Unidentified Individual with H&R M-1

I am often lectured by my youngest son, Sho, that I should be happy and shoot what I got. For some time now, however, I fussed and fretted over the prospect of squiring a perfectly legal AR-15 into the realm of the modern day relatively gun-free liberal paradise called California. Not to relive the misery, but the descent into the panty-wearing safe space now run by governor Gavin Nuisance included classifying the sporting model of the famous Viet Nam era M-16 battle rifle into a "featureless", neutered firearm acceptable to the soy bois of this sate. It involved the removal or change of the following lethal features of the AR-15:

    o Pistol grips
    o Forward pistol grips
    o Thumbhole stocks
    o Telescoping or collapsible stocks
    o Threaded barrels, flash suppressors or silencers
    o Barrel shrouds
    o Grenade or flare launchers

..and just when I was perfecting my grenade launching techniques, along with the art of the collapsing stock butt stroke, too! But California declared all owners of AR-15s with those features and a heretofore legal detachable 10-round magazine de facto felons. So we are offered the opportunity of registering the rifle with the state of California as an assault weapon or neutering it to comply with the newer-than-new SJW, PC safe space rules. And I would be glad to obey had my AR-15 not been swept overboard off the end of the Huntington Beach pier in a tragic boating accident a couple of Summers ago.

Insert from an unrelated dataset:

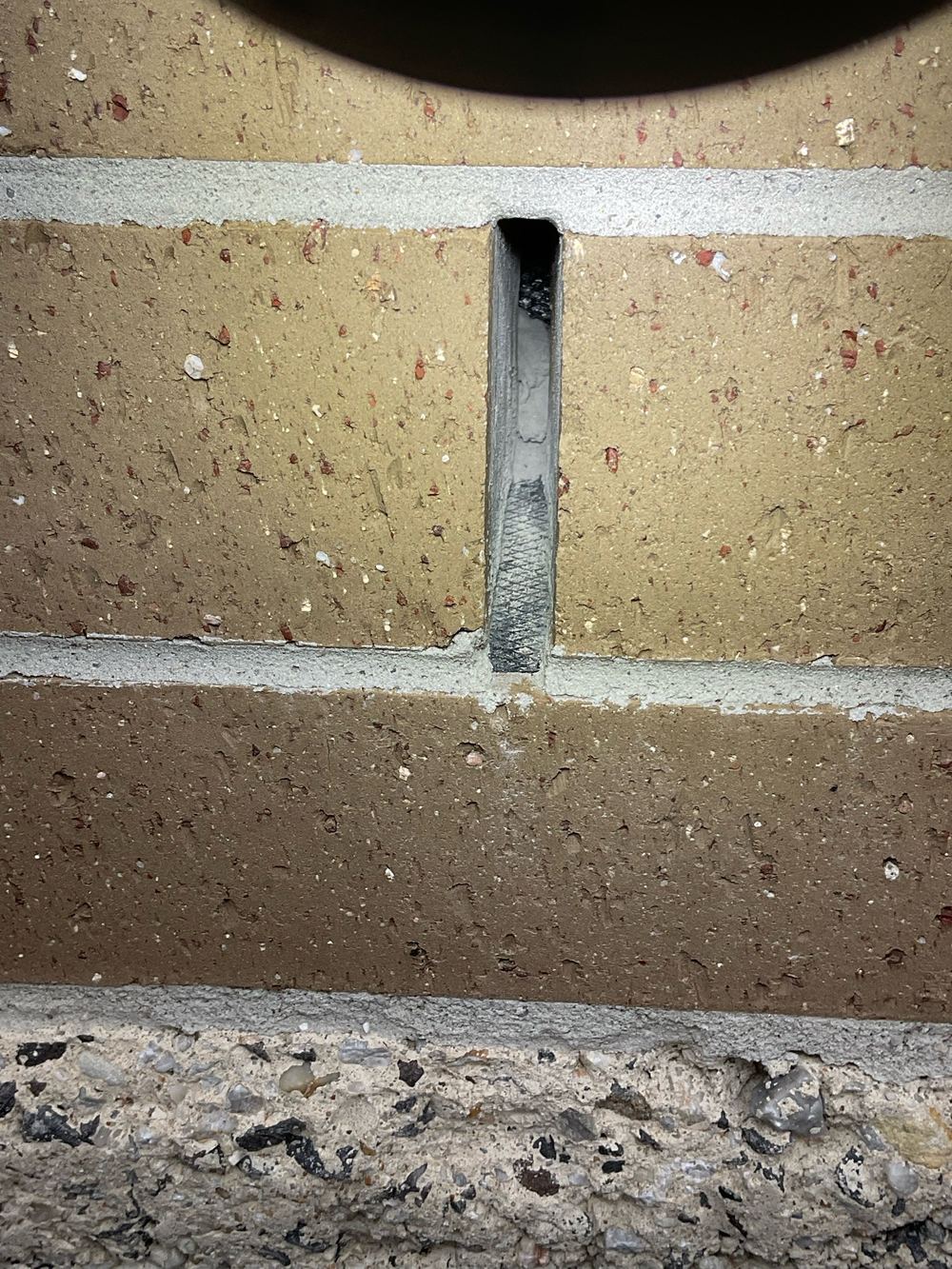 Weep holes obstructed by mortar, recorded on a fixing stage inspection in Fraser Rise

Oh, woe is me! Mine had been assembled with the look of the nearly-classic Viet Nam/post-Viet Nam rifles; I intensely dislike the Flash Gordon ray gun look of the modern plastic toys that the bearded, tatt'ed adolescents dragged to the ranges these days. The collapsing stock and other appurtenances made an otherwise handsome battle rifle into some weapon out of a drug-fueled dystopian nightmare. All I wanted was a simple, classic M-16 look.

I could even deal with the 10-round mag limit as long as the A2 stock and simple lines were intact. I thought that surely there was a way to achieve that "graceful" appearance with some ingenuity. But I guess I was wrong. After-market compliance produced nightmares like this..


So, I went back to the drawing boards and tried to rethink the whole thing and it was while I was on a visit to a local firearm emporium that I saw an M-14 being offered. I asked the salesperson about that and was told that the M-14 was compliant and could be sold in California -- so long as it had a 10-round mag. So that got me to thinking about what I did have already: two classic M-1 Garands and these were perfectly compliant with the modern "safe-space" rules of this waxing-commie paradise.

One was an H&R I bought from the CMP sight unseen through their mail order sales. It was a classic "mixmaster" (as Garand collectors call them) having an H&R bolt and trigger assembly and a Springfield op rod and other components from other M-1 contractors. Basically, it was a rifle originally made around 1954 or so that had been issued and then, after use for a couple of years, went back in to be rebuilt with whatever came out of the parts bins of the army contractor at the time. But, collectors' criteria aside, it was exactly what I wanted: an authentic battle rifle of the World War II and Korean War era and beyond. It shot well and had some interesting cartouches (stamps) on it.

The other rifle -- a Greek repatriation -- was a Springfield M-1 built around 1954 as well and loaned out to the Greek military before it was eventually returned to the U. S, Army. It had a shot-out barrel and the stock was dog meat. (Ironically, it even had a peace symbol carved into the stock; guessing that the Greek army had a lax sense of discipline and wry sense of humor at the time.)

The Springfield was sent to Dean's Gun Works in Tennessee and re-barrelled and given a new stock. Basically, it's a beaut.

So, who needs a tricked out AR-15 when one has two of these that are perfectly marvelous to shoot and are imbued with history and tradition? You know, like George Patton described them:

Another irony is that, when the CMP was being re-authorized by Congress back in the 60s some time, they had a few on display in the well of the Senate chamber and Ted Kennedy (The Lyin' of the Senate) strode down to make a speech, picked one up and, brandishing it, said that he would vote for the bill because he did not see too many liquor stores being knocked over with M-1s.

With ringing endorsements like that, how can one go wrong?